Marian Anderson is an iconic figure, noted for how her immense talent and perseverance enabled her to break major barriers.
The mezzo-soprano was born on February 27, 1897, in Philadelphia and displayed immense vocal ability as a child. Unfortunately, her family could not afford to pay for formal training. In her early years of life, supportive members of her church congregation raised funds for her to attend a music school for about a year. The oldest of three girls, Anderson was just six-years-old when she became a choir member at the Union Baptist Church, where she earned the nickname “Baby Contralto.”
At the age of 12, Anderson’s father passed away, leaving her mother to raise three young girls. After her father’s death, Anderson was still determined to become a professional musician. Her performance at the Lincoln Memorial in 1939 helped set the stage for the Civil Rights Era.
Much of Anderson’s life would ultimately see her breaking down barriers for African-American performers. In 1955, the gifted contralto singer then became the first African American vocalist to perform as a member of New York’s Metropolitan Opera.

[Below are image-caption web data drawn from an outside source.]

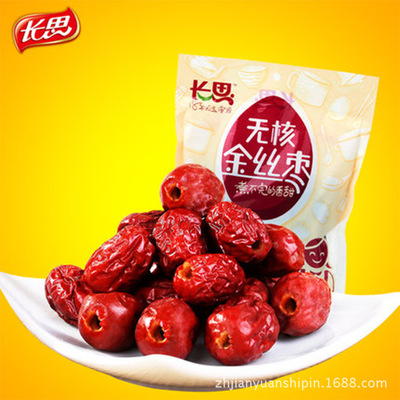 【长思】红枣批发山东特产特选无核金丝小枣454g 免洗即食红枣子|ms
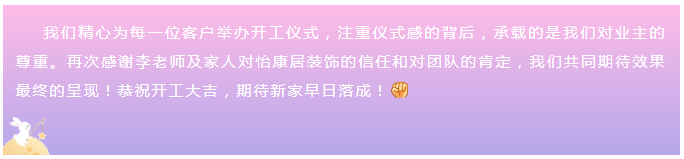 金秋九月 | 恭祝創(chuàng)業(yè)?齊融佳園李老師福宅開工大吉！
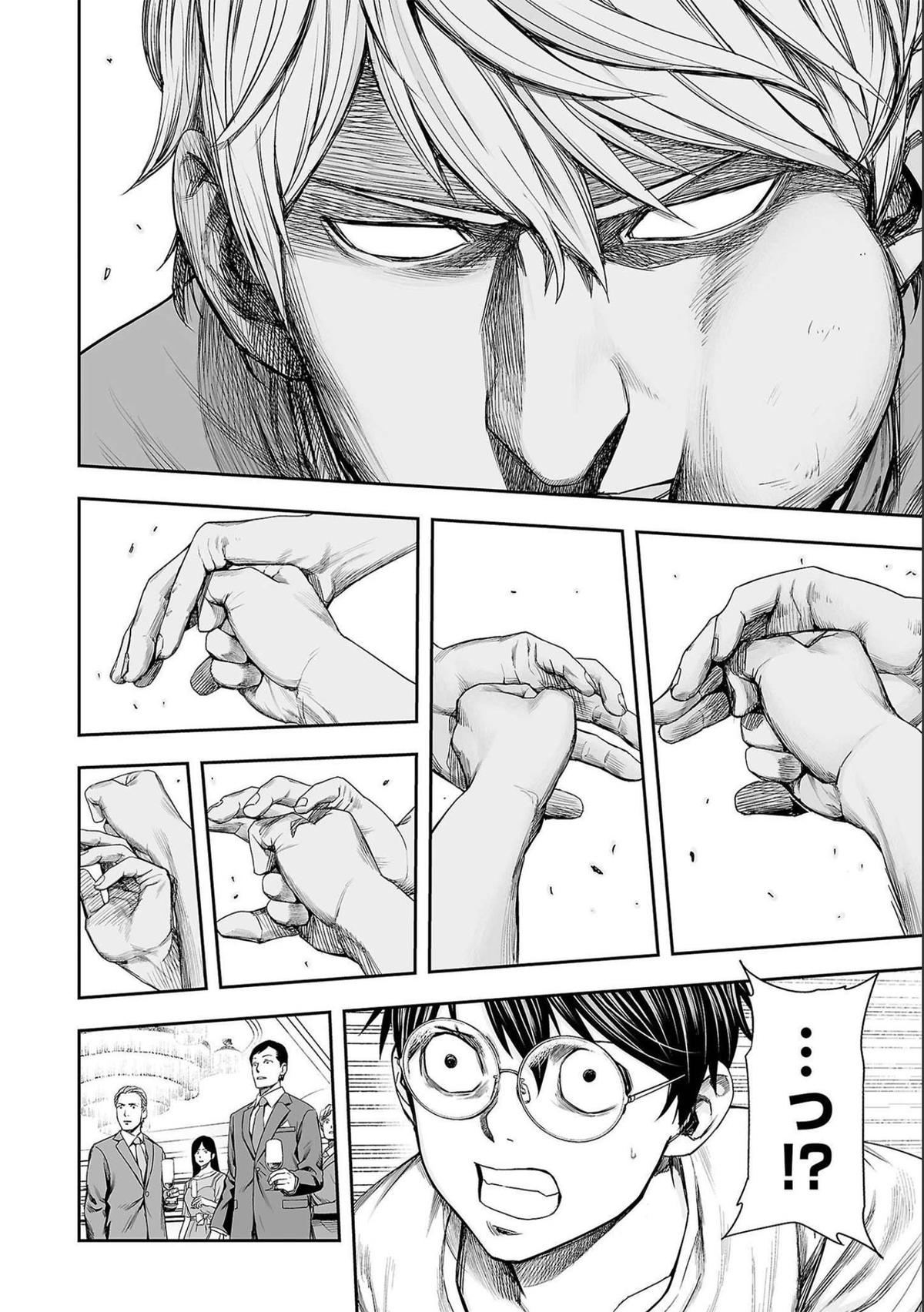 Tsuyoshi: Daremo Katenai, Aitsu ni wa Chap 142 - Next Chap 143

Over the next several decades of her life, Anderson’s stature only grew. In 1961 she performed the national anthem at President John F. Kennedy’s inauguration. Two years later, President Kennedy honored the singer with the Presidential Medal of Freedom. After retiring from performing in 1965, Anderson retired to a life on her farm in Connecticut. In 1991, the music world honored her with a Grammy Award for Lifetime Achievement.